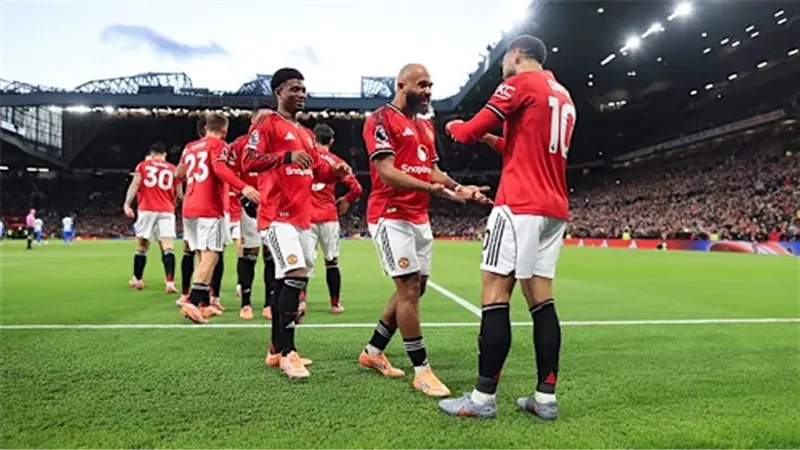 تشكيل مانشستر يونايتد ضد ليفربول في الدوري الإنجليزي.. من يقود الهجوم؟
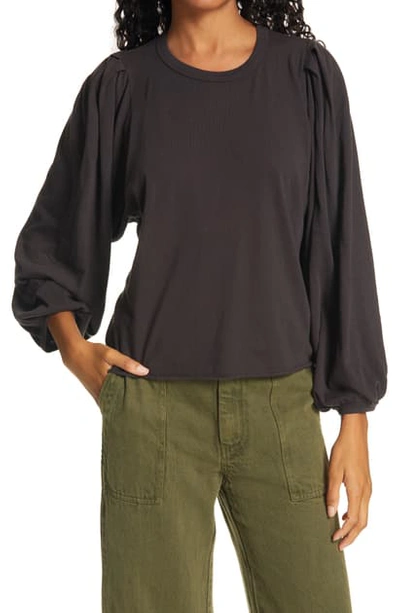 Shop The Great The Pleat Sleeve T-shirt In Almost Black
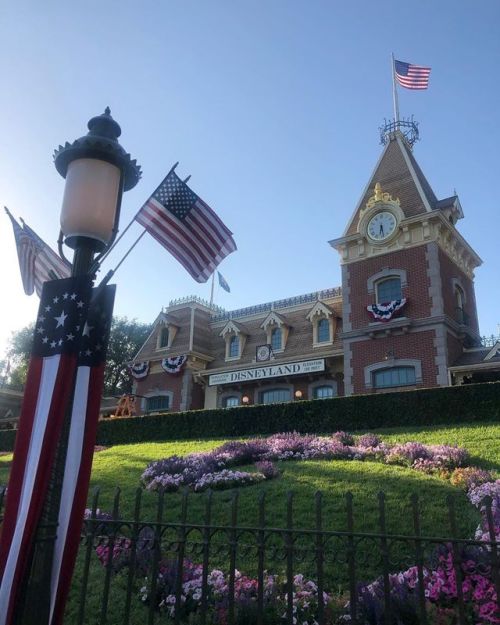 July 4, 2019#disneyland #independenceday #thecandtshow(at Disneyland)https://www.instagram.com/p/Bzh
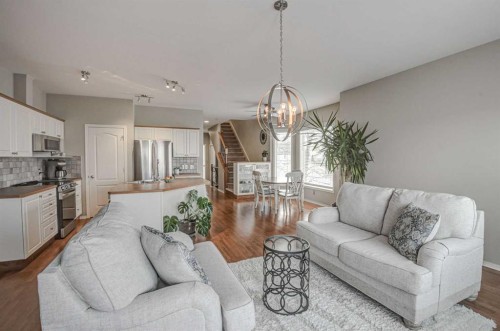 96 Hampstead Green Nw, Calgary, AB - Indoor Photo Showing Living Room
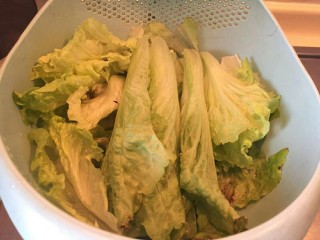 5、生菜肉丸粥,一颗生菜洗净。掰成叶子。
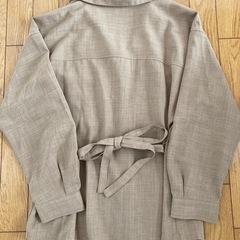 GU長袖ベージュコートの画像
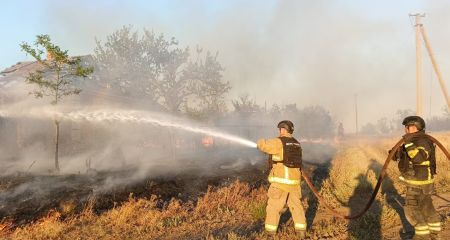 Будівлі та суха рослинність горіли на Запоріжжі після обстрілів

Exercise details: Begin at the line containing "96 Hampstead Green" and write out every line to the end of the data exactly. Skip the pictures.

Answer to the exercise:
 96 Hampstead Green Nw, Calgary, AB - Indoor Photo Showing Living Room
 5、生菜肉丸粥,一颗生菜洗净。掰成叶子。
 GU長袖ベージュコートの画像
 Будівлі та суха рослинність горіли на Запоріжжі після обстрілів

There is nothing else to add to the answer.